Phillips died in his home, on Common Street in Boston's neighborhood of Charlestown, on February 2, 1884.
A solemn funeral was held at Hollis Street Church four days later. His body was taken to Faneuil Hall, where it lay in state for several hours. Phillips was then buried at Granary Burying Ground.
On February 12, a memorial service was held at the Bethel African Methodist Episcopal Church on Sullivan Street in New York City. Rev. William B. Derrick gave a eulogy, describing Phillips as a friend of humanity and a citizen of the world. Timothy Thomas Fortune also eulogized Phillips, calling him a reformer who was as bold as a lion, who had reformed a great wrong, and who had left a rejuvenated Constitution.

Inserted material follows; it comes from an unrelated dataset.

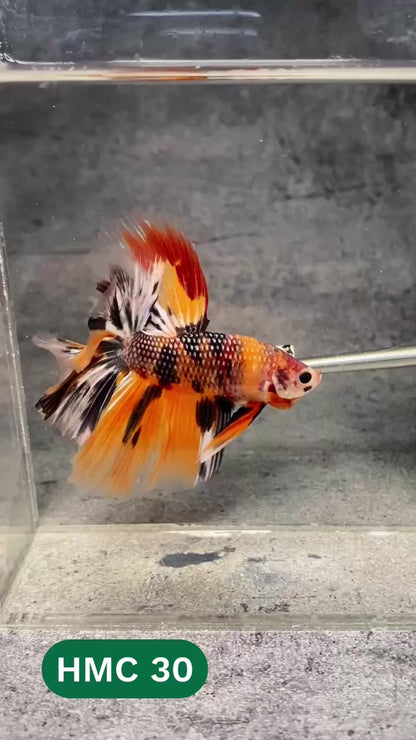 Multicolor Halfmoon Male Betta Fish | High Grade | Order Directly From Farm |  You Pick Fish |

On February 8, in the U.S. House of Representatives, John F. Finerty offered resolutions of respect to the memory of Phillips. William W. Eaton objected to the resolutions.
A memorial event was held in Tremont Temple, Boston, on April 9, 1884. Archibald Grimké delivered a eulogy.
Irish poet and journalist John Boyle O'Reilly, who was a good friend of Phillips, wrote the poem Wendell Phillips in his honor.
In 1904, the Chicago Public Schools opened Wendell Phillips High School in the Bronzeville neighborhood on the south side of Chicago in Phillips' honor.
In July 1915, a monument was erected in Boston Public Garden to commemorate Phillips, inscribed with his words: "Whether in chains or in laurels, liberty knows nothing but victories". Jonathan Harr's "A Civil Action" refers to the statue in recounting Mark Phillips', a descendant of Wendell Phillips', reaction to a legal victory in the case against W.R. Grace & Co. et al.
The Phillips Neighborhood of Minneapolis was named after "Wendell Phillips, a 19th century abolitionist"
A phrase from his speech of January 20, 1861, "I think the first duty of society is justice," sometimes wrongly attributed to Alexander Hamilton, appears on various courthouses around the United States, including in Nashville, Tennessee.
The Wendell Phillips Award, established in 1896, is bestowed annually upon a member of Tufts University's senior class. The Wendell Phillips Prize at Harvard University is awarded to the best orator in the sophomore class. The main building of the College of the Pacific at the University of the Pacific is named the Wendell Phillips Center.
The Wendell Phillips School in Washington, D.C., was named in his honor in 1890. The school closed in 1950 and was turned into the Phillips School Condominium in 2002.